WHAT THE EXERCISE ASKS:
After finding the line with "Just a short" in the data below, set down exactly each line through the one with "skiing, golf, hiking, and", inclusive, and stop there.

DATA BLOCK:

******************************

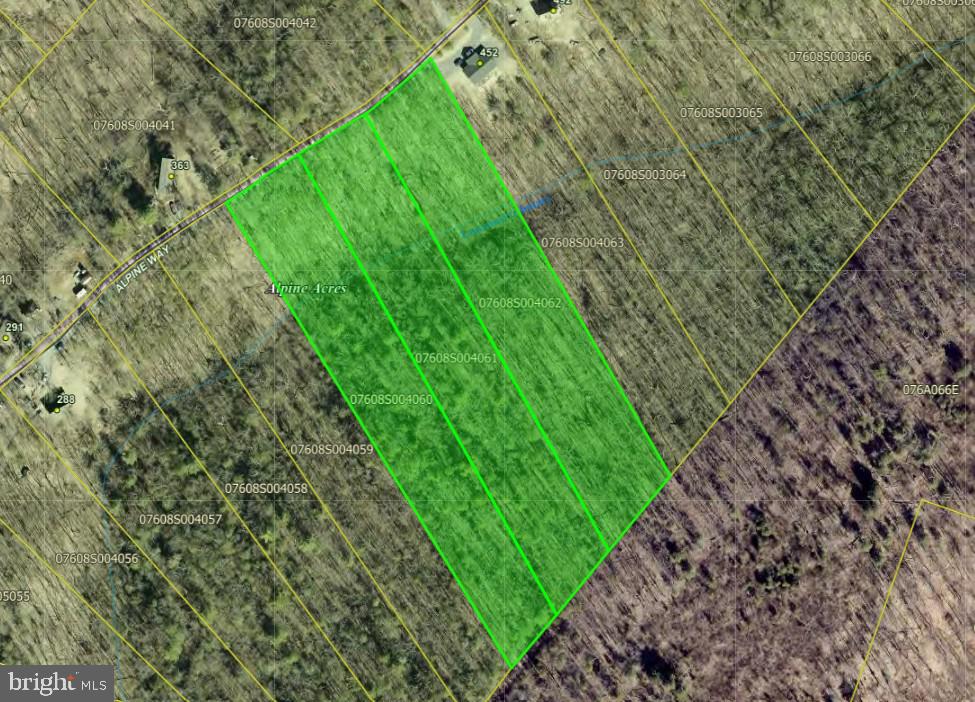 Lots 60, 61, 62 - Located along Alpine Way, just below Supinlick Ridge, this offering includes three adjoining 3-acre parcels for a total of 9 acres within the Alpine Acres subdivision. Set among mature trees and natural landscape, the property offers a quiet, wooded setting ideal for those seeking privacy and a true mountain escape. The combined acreage opens up a range of possibilities, whether you are planning a private retreat, multiple cabins, or a longer-term investment. With multiple potential homesites throughout the property, you have the flexibility to design around the natural terrain while   maintaining separation and seclusion. As part of Alpine Acres, the property offers access to a community well system (connection fee applies), maintained by Valley Water. A septic system will be required, as is typical for the area. The availability of shared water adds convenience and helps streamline the building process.
Just a short drive from Bryce Resort, the location provides easy access to year-round recreation including
skiing, golf, hiking, and more. Short-term rentals are allowed, making this a strong option for those looking to build rental cabins, a personal getaway, or a combination of both. An additional adjoining pair of 3-acre lots is also available, offering the opportunity to expand to a full 15 acres
if desired. Whether you are looking to create a private compound or invest in multiple homesites, this property offers space, flexibility, and a peaceful setting in one of Shenandoah County’s most desirable mountain communities.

******************************

FINISHED TASK:
Just a short drive from Bryce Resort, the location provides easy access to year-round recreation including
skiing, golf, hiking, and more. Short-term rentals are allowed, making this a strong option for those looking to build rental cabins, a personal getaway, or a combination of both. An additional adjoining pair of 3-acre lots is also available, offering the opportunity to expand to a full 15 acres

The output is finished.